● **WHAT YOU NEED TO DO**: Every line that contains "Charming" must be located and copied from the data.

(Source records)
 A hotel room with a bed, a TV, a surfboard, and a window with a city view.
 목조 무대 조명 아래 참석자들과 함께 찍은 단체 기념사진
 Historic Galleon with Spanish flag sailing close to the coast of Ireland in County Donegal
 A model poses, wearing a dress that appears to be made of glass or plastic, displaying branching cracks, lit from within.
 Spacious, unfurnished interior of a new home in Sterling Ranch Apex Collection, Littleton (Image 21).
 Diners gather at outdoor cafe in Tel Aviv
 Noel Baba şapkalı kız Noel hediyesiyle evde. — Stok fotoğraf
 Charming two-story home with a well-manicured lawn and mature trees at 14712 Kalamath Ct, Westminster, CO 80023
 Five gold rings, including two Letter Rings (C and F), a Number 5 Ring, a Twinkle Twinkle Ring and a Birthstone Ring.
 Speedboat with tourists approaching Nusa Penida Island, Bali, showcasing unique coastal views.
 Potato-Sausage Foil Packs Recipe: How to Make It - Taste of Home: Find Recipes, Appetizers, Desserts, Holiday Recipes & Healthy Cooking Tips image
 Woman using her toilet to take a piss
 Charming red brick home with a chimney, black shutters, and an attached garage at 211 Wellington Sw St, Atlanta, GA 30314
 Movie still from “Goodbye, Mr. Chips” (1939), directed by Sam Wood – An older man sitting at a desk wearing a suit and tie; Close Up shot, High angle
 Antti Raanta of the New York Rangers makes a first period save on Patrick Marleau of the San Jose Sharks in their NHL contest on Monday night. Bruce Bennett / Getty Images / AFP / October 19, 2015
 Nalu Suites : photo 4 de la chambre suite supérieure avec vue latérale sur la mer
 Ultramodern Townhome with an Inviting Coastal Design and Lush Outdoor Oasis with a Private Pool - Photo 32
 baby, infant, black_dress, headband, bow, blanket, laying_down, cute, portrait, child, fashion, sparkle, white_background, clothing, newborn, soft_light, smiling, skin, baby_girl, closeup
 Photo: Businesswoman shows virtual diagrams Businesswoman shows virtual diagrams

● **EXERCISE OUTPUT**:
 Charming two-story home with a well-manicured lawn and mature trees at 14712 Kalamath Ct, Westminster, CO 80023
 Charming red brick home with a chimney, black shutters, and an attached garage at 211 Wellington Sw St, Atlanta, GA 30314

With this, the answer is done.